獣臭や野性味に関しては多少わかれましたが、概ねタンニンがそれほど強くないことや”やさしい”、”柔らかい”などメルロらしいコメントが並んでいるようにも思えます。(もちろん、今現在解答がわかっているのでこのように特徴を拾うことができるともいえるのですが)ただ、どのレベルでタンニンが強いと判断するのか、柔らかいというのかという経験が必要なので、ここからメルロを導き出すのは難しいかもしれません。

ですから、メルロは消去法でどうしてもカベルネ・ソーヴィニヨンでもシラー/シラーズでもないときに、よくわかんないけど丸い時にのみ選びましょう。メルロらしさを探すとハマります。→2018年度からメルロは捨てることにしました。

●マディラ
これは知っているかどうかで、簡単にポートとマディラの違いについて。→一度や二度飲んだだけでは難しいかもしれません。

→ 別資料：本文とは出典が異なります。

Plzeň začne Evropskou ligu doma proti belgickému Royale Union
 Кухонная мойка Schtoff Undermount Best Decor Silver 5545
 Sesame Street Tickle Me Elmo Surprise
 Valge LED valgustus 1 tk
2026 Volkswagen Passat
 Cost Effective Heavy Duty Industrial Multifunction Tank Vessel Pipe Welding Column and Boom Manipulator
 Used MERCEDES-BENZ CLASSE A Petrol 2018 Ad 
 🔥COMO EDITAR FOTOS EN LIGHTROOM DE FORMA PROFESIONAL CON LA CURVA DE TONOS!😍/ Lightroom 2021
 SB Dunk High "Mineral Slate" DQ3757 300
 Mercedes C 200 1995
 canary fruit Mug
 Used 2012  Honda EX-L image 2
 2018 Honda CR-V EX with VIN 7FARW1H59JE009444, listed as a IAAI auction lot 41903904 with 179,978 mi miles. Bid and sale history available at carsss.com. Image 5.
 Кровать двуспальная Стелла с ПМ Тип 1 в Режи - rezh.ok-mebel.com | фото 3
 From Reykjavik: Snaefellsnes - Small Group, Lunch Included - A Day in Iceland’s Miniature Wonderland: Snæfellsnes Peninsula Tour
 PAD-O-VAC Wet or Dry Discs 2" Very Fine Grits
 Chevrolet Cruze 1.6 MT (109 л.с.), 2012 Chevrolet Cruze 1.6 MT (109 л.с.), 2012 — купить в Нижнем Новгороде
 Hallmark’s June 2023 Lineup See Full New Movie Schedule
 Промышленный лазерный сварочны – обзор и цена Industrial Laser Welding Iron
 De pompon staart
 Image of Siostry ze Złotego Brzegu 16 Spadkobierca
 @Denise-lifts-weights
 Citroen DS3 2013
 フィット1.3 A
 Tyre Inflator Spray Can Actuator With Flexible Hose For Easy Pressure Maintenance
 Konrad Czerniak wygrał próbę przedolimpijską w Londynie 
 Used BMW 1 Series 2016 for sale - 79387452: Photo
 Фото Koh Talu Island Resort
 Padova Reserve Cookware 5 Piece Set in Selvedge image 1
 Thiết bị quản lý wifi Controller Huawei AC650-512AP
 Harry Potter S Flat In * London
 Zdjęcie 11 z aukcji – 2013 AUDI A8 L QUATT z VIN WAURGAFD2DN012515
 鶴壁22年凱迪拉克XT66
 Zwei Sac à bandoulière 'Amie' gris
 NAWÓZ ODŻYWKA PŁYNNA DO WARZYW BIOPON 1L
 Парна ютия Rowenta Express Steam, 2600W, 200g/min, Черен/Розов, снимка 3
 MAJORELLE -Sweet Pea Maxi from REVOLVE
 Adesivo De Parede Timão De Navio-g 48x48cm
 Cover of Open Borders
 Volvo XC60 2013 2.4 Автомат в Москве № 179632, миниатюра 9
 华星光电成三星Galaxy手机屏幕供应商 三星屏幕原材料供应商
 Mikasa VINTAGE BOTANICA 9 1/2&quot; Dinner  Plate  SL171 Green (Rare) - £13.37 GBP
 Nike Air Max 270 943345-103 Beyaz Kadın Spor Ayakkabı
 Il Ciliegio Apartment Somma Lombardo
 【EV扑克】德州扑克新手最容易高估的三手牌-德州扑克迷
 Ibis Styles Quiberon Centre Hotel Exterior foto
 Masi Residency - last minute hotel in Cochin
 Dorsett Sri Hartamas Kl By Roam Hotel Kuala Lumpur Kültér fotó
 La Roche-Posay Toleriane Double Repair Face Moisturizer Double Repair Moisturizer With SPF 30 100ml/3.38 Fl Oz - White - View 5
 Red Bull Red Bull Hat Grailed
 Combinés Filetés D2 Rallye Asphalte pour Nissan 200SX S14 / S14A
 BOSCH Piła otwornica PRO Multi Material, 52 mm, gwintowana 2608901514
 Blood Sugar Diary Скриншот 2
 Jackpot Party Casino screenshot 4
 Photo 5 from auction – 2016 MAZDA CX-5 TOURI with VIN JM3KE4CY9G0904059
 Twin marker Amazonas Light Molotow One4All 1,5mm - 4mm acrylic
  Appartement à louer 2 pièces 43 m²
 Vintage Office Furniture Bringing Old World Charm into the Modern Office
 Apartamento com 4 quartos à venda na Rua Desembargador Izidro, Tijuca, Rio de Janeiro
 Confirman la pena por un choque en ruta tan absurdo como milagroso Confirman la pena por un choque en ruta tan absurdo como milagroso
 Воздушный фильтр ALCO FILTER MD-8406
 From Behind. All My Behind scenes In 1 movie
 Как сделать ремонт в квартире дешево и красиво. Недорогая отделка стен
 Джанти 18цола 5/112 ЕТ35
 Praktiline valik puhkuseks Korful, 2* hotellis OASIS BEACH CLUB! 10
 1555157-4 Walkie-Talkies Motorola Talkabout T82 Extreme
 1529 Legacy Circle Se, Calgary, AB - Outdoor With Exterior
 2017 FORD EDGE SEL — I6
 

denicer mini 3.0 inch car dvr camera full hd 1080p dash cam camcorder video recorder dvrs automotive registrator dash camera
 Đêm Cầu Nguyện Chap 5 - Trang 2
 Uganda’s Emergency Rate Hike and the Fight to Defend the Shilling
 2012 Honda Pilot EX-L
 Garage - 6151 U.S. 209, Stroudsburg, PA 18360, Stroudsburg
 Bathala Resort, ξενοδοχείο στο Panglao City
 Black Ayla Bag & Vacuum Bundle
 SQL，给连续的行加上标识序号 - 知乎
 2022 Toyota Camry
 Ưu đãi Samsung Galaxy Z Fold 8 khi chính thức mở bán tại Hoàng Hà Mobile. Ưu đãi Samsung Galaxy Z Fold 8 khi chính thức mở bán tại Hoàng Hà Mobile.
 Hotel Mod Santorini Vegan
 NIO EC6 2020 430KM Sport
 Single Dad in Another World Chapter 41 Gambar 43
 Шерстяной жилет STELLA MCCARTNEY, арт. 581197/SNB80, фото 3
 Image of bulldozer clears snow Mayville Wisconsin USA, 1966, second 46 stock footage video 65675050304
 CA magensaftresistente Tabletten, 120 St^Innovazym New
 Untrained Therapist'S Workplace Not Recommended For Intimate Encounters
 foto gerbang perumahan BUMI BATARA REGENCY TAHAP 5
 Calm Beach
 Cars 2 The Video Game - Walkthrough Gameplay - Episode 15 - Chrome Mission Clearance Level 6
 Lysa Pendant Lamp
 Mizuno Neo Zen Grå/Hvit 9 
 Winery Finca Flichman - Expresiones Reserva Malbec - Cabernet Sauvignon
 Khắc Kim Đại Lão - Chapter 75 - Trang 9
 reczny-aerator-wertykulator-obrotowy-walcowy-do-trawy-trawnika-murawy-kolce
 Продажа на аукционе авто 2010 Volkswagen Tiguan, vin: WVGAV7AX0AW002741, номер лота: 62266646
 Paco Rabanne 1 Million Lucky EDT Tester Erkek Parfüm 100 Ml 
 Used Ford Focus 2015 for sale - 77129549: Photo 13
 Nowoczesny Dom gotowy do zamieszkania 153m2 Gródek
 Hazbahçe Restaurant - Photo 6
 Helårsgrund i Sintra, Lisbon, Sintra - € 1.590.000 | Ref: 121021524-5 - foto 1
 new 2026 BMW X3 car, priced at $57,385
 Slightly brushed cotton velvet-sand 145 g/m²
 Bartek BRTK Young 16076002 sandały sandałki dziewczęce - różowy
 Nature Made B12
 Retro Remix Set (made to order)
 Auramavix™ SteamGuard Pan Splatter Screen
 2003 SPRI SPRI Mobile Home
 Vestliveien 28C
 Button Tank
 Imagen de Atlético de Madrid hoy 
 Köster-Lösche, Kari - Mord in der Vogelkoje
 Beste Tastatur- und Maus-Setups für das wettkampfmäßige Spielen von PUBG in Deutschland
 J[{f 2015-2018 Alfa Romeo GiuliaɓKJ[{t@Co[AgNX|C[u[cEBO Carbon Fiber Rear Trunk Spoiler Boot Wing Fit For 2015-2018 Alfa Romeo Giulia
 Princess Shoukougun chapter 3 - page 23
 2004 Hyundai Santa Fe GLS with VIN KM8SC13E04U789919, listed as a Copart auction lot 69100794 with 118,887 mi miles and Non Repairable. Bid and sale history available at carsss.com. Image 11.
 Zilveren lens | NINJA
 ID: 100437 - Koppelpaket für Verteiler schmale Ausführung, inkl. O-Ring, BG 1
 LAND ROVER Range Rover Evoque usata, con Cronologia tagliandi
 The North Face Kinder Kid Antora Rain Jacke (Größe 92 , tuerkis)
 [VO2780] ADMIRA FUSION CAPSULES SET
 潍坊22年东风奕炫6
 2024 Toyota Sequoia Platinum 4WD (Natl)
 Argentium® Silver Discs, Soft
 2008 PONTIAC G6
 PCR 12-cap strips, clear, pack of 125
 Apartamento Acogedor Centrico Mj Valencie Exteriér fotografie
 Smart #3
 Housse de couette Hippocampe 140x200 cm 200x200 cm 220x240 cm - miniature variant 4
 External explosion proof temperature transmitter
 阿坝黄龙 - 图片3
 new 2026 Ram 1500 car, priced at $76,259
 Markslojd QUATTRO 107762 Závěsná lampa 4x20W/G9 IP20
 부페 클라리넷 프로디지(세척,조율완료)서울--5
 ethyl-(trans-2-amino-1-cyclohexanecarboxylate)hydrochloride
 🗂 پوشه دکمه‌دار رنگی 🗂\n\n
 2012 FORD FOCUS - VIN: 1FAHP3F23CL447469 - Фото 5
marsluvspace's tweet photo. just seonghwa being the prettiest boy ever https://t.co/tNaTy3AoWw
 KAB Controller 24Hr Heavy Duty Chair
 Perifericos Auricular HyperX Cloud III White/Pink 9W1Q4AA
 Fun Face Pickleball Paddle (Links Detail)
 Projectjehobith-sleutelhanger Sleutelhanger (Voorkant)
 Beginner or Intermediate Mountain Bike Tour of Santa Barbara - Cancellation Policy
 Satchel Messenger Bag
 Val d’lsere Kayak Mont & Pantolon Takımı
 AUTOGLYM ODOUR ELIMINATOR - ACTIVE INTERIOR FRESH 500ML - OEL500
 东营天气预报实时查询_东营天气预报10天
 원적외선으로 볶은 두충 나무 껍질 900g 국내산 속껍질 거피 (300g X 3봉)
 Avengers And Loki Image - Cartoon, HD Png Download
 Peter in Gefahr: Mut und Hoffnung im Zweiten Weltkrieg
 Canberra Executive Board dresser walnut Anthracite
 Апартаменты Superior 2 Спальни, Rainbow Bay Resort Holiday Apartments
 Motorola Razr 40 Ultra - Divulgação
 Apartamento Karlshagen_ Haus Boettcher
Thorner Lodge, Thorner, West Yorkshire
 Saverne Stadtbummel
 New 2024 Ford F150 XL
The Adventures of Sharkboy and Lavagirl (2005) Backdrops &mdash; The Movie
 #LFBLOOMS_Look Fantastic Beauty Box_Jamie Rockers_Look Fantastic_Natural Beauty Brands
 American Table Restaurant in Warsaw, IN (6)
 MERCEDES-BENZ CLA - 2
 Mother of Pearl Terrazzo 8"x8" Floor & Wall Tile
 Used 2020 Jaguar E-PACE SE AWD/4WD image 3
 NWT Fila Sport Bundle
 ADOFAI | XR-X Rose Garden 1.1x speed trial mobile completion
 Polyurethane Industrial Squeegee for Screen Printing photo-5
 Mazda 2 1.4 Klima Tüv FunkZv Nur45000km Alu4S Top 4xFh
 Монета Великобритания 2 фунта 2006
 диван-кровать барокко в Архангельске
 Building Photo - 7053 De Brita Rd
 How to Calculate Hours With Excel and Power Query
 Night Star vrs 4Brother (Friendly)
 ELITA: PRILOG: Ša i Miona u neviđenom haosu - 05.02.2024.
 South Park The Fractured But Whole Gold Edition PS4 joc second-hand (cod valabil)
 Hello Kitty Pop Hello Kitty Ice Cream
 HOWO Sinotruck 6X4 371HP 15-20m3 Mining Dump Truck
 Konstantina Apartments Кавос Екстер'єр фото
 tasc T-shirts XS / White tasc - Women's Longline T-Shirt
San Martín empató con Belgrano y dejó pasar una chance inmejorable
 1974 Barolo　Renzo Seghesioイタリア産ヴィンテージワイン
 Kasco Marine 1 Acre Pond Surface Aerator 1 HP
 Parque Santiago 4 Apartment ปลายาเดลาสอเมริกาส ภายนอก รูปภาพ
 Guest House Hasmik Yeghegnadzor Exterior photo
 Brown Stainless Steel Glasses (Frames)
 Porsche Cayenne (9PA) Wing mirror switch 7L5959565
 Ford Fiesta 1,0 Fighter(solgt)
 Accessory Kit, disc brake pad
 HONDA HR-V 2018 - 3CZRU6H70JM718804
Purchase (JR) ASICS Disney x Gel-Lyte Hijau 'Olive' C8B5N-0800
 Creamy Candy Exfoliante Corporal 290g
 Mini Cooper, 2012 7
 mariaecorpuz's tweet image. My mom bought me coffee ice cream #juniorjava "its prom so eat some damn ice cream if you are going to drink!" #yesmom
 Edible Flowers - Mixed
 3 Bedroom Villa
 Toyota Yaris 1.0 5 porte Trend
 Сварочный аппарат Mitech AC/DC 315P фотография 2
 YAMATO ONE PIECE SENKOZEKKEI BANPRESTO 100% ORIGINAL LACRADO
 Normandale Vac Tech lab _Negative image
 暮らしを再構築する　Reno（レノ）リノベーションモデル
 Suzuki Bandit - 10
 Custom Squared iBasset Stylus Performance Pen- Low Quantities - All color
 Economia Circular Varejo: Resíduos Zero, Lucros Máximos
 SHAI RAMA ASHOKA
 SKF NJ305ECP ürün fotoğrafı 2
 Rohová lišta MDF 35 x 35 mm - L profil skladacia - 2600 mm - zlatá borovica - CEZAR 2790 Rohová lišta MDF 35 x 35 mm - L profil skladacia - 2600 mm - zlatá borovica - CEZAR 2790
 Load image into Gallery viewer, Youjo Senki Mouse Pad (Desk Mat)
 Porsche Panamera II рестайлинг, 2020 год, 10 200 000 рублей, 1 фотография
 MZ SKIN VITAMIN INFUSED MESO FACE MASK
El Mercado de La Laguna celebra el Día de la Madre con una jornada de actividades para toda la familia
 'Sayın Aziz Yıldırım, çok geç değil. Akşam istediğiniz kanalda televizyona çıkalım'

一次試験対策でそれぞれの製法を勉強しました。この二つの一番の違いはマディラは加熱する行程があることです。加熱して酸化させますから独特のマディラ香(ワインの熱劣化をマデリゼといいます)を持ちます。また、ポートとは違った独特のコクのようなものを感じることが多い気がします。ただ、これらをこの言葉だけで説明できるものではなく、やはり口にして経験し感じるしかないと思います。

●グラッパ
こちらはほどほどの正解率でした。ある方からはグラッパは透明とこの講座のどこかで読んだことを思い出しというコメントをいただきこんなところでも貢献できるのはうれしいものだと思いました。

私はフランスにいましたので、マールを飲む機会が圧倒的に多かったのですが、グラッパも大好きです。単純にマールはブランデー的な色合いであることが多く、反対にグラッパは無色透明が基本です。←で熟成させた色付きのグラッパもあります。

2013年度もソムリエ呼称に関してはそれほど波乱もなく、完全に想定内でした。メルロ・フランスがやや難しかったかなといったところでしょうか。